Nonetheless, the lessons of that humiliation proved invaluable. Some years earlier, Fink had become phone pals with Ralph Schlosstein, an investment banker at Shearson Lehman Hutton. Both were early risers, and would often call each other around 6.30am to chat about financial markets before the morning hubbub started. One evening in March 1987 they happened to be booked on the same flight from Washington to New York, so they had dinner together. It proved pivotal.

Both were Democrats — Schlosstein had been a Treasury official in the Carter administration before heading to Wall Street — but mostly they talked about dissatisfaction with their jobs and a hunger to start something new. They started sketching out plans for a company that would model financial securities, aggregate them into a portfolio, and better analyse all the risks they contained.

A few days after he formally resigned from First Boston, Fink invited a select group to his house to discuss the new venture. From First Boston came Kapito, Fink’s right-hand man on the mortgage trading desk; Barbara Novick, the formidable head of portfolio products; Ben Golub, a maths wizard who had designed many of the bank’s risk-management tools; and Keith Anderson, one of First Boston’s top bond analysts. From Shearson Lehman, Schlosstein brought Susan Wagner and, later, Hugh Frater, two of its smartest mortgage bond specialists. Together, they resolved to start a new bond investment firm built on modern technology and sounder risk management.

They still needed money to launch, so Fink dug out his Rolodex. He got in touch with Steve Schwarzman and Pete Peterson, two former Lehman bankers whose firm, Blackstone, was on its way to becoming a rising star of the private equity industry.
Blackstone agreed to house the new venture in its offices and bankroll it with a US$5 million loan, in return for a 50 per cent stake. Given Blackstone’s emerging brand, Fink and Schlosstein decided to hitch their ride to it, naming their new company Blackstone Financial Management (BFM).

Up and running, they made their first hire, Charlie Hallac, one of Golub’s former colleagues at First Boston, and set about trying to win clients, both for a new fixed income fund and the supporting technology service that Golub and Hallac were building. This was envisaged as a cutting-edge solution that would help people avoid the debacle that had befallen Fink at First Boston. It was dubbed the “Asset, Liability, Debt and Derivative Investment Network,” or Aladdin. The first version was coded on a US$20,000 Sun workstation wedged between their office fridge and coffee machine.

BFM enjoyed a strong start, thanks to its gold-plated connections. Within its first six years, the firm managed about US$23 billion, and the eight founding partners had been joined by about 150 employees. The bond market was on a roll, and pension plans were attracted by the pedigree of Fink and his team.

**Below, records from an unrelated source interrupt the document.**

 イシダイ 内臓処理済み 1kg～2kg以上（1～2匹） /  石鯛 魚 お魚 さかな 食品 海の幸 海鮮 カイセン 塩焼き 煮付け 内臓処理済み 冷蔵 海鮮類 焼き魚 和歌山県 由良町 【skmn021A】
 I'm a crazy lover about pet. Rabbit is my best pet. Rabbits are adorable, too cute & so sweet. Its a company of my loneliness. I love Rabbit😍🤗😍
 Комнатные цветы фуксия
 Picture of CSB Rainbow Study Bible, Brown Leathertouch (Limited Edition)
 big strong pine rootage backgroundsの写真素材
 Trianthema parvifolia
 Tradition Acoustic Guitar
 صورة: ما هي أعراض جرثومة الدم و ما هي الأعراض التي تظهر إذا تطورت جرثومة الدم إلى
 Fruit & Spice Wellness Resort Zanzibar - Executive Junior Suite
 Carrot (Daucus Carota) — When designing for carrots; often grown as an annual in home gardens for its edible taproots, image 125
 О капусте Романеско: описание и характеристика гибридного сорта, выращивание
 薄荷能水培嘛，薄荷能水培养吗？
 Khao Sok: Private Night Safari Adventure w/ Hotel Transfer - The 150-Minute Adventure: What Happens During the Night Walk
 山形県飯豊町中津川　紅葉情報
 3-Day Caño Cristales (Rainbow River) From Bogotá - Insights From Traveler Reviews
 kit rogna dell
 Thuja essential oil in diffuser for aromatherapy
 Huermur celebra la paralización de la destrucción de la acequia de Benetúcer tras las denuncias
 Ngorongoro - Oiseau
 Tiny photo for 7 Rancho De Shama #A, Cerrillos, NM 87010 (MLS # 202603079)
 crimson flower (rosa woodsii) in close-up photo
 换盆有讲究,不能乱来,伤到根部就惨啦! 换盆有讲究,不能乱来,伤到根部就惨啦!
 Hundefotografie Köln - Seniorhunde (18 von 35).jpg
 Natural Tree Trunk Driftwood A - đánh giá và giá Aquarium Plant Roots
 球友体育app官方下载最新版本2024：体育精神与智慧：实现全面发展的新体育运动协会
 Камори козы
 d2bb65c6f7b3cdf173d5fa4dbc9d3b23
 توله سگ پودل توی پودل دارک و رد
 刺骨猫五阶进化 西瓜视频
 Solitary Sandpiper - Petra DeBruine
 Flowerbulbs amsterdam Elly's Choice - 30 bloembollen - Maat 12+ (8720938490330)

Yet the company was heading towards a dramatic rupture with Blackstone. Fink had enticed many new hires by offering slices of equity — something that gradually diluted Blackstone’s ownership and angered Schwarzman. Frustrated, Fink eventually resolved that BFM and Blackstone needed a divorce.

All BFM’s funds had tickers — a code that identifies investment vehicles in regulatory filings and data providers — that started with the letter B. But an agreement with Blackstone stipulated that the new name could not include the words “black” or “stone”. Bedrock was considered, but made too many people think about The Flintstones.
However, the founders loved the name “BlackRock”. They appealed to Schwarzman and Peterson, pointing out that Morgan Stanley’s 1930s split from JPMorgan burnished both firms. Peterson and Schwarzman were tickled by the idea of BlackRock as an homage to Blackstone, and blessed the new name.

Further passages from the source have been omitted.